▶ **EXERCISE AIM**: Find the line containing "vidaXL Ensemble &agrave;". Retype it and every line after it through the end of the entries, exactly as written, with nothing added.

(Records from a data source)
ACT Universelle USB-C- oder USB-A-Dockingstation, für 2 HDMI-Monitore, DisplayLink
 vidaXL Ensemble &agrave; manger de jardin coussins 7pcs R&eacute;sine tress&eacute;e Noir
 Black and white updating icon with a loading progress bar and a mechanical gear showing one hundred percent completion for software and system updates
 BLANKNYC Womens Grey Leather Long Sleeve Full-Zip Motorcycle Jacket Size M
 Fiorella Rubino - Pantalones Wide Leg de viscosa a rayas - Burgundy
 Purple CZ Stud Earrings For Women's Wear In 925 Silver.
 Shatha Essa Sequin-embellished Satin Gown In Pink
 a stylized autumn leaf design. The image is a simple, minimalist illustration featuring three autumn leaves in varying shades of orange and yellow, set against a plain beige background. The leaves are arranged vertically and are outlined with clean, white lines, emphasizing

▶ **COMPLETED TASK**:
 vidaXL Ensemble &agrave; manger de jardin coussins 7pcs R&eacute;sine tress&eacute;e Noir
 Black and white updating icon with a loading progress bar and a mechanical gear showing one hundred percent completion for software and system updates
 BLANKNYC Womens Grey Leather Long Sleeve Full-Zip Motorcycle Jacket Size M
 Fiorella Rubino - Pantalones Wide Leg de viscosa a rayas - Burgundy
 Purple CZ Stud Earrings For Women's Wear In 925 Silver.
 Shatha Essa Sequin-embellished Satin Gown In Pink
 a stylized autumn leaf design. The image is a simple, minimalist illustration featuring three autumn leaves in varying shades of orange and yellow, set against a plain beige background. The leaves are arranged vertically and are outlined with clean, white lines, emphasizing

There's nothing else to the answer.